:: What this task involves ::
Find the line with "Peru flooding woman" and the line with "a red, white and blue quilt on a bed" in the entries below; output exactly those two lines, every line between them, and no others.

:: Record set ::
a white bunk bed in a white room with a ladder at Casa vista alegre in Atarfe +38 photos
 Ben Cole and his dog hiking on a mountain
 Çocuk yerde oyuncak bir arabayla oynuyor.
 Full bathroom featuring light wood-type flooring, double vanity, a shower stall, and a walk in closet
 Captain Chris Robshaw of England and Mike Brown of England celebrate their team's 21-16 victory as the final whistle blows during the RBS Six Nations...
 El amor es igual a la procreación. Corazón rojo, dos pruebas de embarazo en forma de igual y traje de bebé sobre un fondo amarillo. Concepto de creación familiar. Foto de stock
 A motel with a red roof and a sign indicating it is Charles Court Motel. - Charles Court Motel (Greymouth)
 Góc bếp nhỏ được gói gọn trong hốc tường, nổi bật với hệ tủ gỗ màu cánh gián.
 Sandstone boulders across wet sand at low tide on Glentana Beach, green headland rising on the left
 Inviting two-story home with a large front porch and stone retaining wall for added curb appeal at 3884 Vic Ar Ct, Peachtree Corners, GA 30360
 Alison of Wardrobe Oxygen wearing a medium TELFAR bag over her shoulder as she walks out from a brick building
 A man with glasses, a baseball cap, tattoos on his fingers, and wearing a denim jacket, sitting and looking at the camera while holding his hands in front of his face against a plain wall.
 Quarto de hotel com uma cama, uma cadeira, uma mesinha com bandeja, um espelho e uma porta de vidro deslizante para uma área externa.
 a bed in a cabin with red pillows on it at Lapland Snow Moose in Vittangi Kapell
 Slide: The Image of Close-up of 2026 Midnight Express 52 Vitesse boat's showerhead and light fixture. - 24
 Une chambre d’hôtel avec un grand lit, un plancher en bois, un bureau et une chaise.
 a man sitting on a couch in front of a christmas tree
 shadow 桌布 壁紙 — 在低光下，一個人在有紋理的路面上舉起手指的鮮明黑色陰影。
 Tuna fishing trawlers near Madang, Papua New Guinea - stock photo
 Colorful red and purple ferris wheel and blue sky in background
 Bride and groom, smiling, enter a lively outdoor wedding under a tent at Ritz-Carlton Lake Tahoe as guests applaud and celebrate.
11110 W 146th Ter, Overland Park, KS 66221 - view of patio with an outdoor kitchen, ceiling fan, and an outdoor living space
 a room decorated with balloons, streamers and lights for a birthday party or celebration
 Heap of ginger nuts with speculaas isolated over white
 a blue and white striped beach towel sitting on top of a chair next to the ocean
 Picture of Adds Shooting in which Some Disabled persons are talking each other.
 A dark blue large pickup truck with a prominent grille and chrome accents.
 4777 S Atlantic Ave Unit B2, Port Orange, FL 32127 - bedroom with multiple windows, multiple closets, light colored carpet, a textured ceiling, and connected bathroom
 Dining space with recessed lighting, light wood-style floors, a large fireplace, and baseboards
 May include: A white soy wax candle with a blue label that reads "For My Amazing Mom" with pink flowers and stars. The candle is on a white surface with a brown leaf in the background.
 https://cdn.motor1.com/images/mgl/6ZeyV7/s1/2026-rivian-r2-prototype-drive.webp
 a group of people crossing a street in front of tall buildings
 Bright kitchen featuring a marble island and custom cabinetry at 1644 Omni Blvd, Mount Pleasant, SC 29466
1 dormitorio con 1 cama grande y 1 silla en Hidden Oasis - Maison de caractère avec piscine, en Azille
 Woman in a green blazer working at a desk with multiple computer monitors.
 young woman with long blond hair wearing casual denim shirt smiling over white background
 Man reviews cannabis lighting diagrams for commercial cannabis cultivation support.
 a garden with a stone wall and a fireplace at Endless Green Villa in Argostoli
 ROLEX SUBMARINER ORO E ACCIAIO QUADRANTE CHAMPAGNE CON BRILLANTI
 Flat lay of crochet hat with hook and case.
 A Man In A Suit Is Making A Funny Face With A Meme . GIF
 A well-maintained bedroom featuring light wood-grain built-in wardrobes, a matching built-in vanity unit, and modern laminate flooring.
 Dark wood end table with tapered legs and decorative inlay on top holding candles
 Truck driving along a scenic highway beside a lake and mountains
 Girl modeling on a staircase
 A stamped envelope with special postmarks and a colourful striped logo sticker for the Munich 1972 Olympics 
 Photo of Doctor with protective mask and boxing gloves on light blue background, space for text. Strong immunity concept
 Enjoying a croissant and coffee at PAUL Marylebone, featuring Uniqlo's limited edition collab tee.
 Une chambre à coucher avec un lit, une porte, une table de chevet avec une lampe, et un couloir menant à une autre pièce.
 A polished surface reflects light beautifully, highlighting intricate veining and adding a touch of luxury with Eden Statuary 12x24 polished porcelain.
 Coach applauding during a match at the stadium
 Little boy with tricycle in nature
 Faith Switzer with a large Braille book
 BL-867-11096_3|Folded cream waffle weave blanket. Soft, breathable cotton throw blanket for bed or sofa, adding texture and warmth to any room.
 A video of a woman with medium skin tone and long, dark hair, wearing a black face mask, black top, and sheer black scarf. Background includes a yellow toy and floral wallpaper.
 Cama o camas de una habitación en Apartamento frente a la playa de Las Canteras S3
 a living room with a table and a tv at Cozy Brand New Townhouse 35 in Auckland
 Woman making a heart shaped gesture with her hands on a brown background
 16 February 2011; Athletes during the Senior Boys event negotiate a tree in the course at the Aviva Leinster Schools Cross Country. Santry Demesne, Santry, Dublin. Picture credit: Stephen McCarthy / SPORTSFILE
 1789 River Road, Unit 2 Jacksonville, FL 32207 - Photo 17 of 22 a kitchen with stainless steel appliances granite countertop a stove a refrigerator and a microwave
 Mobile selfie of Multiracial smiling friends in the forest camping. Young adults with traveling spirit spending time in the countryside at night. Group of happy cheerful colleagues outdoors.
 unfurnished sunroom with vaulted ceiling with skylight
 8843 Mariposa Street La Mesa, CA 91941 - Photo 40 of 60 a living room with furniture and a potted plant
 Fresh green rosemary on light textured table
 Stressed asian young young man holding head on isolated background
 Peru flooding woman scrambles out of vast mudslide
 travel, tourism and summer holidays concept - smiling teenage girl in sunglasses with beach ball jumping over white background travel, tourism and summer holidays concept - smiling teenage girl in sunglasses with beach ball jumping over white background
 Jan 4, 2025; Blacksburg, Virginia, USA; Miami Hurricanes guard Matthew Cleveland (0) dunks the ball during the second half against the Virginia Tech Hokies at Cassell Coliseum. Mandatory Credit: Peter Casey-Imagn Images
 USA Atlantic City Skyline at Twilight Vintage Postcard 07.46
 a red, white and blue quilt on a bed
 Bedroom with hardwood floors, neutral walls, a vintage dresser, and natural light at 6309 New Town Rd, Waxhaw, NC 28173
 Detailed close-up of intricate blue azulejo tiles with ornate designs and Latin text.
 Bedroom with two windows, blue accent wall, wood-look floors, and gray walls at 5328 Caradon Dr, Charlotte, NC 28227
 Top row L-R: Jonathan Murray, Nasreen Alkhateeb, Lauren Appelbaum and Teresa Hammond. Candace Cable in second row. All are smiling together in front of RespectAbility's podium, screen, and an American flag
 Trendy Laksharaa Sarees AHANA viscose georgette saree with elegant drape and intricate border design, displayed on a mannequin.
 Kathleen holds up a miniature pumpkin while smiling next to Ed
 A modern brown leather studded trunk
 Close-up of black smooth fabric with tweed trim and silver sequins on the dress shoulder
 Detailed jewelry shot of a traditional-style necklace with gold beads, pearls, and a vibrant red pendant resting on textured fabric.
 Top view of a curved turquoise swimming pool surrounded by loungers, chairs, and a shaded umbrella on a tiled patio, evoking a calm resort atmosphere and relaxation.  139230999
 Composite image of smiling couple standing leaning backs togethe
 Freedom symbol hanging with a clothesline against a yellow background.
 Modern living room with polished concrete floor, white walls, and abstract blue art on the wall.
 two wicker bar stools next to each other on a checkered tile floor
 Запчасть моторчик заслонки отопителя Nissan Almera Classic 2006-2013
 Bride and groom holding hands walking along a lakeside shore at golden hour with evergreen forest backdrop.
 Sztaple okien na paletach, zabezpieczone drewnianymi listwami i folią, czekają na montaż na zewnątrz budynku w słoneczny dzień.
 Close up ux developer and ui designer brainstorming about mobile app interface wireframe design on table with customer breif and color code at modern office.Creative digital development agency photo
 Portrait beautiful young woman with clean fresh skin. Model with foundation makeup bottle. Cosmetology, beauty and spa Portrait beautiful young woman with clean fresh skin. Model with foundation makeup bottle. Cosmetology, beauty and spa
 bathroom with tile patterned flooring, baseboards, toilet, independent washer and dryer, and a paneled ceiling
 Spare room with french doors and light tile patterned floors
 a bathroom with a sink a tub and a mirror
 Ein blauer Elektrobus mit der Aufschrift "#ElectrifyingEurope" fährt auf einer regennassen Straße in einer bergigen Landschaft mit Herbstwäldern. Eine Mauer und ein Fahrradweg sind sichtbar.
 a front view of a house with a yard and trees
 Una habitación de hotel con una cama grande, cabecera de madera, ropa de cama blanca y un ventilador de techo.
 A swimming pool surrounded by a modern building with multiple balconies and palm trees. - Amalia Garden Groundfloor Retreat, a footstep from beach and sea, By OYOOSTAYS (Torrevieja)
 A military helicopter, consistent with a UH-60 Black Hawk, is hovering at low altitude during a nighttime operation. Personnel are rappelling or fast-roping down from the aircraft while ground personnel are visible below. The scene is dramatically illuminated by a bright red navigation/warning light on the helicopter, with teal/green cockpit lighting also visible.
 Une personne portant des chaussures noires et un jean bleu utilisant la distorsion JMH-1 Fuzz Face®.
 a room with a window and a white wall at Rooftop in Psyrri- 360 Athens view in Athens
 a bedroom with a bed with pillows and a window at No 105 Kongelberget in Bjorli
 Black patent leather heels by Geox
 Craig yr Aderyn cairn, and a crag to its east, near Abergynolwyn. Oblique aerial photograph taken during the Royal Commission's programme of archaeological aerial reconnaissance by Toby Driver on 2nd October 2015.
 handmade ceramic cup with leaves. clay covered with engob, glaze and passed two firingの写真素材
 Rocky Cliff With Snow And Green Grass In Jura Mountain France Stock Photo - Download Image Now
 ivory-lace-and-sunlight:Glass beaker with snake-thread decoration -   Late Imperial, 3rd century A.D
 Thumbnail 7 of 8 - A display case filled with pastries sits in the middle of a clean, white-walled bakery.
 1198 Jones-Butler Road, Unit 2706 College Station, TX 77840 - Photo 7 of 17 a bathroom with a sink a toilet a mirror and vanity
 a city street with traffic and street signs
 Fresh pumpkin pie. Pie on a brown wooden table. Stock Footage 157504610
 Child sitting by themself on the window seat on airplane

:: Reply ::
 Peru flooding woman scrambles out of vast mudslide
 travel, tourism and summer holidays concept - smiling teenage girl in sunglasses with beach ball jumping over white background travel, tourism and summer holidays concept - smiling teenage girl in sunglasses with beach ball jumping over white background
 Jan 4, 2025; Blacksburg, Virginia, USA; Miami Hurricanes guard Matthew Cleveland (0) dunks the ball during the second half against the Virginia Tech Hokies at Cassell Coliseum. Mandatory Credit: Peter Casey-Imagn Images
 USA Atlantic City Skyline at Twilight Vintage Postcard 07.46
 a red, white and blue quilt on a bed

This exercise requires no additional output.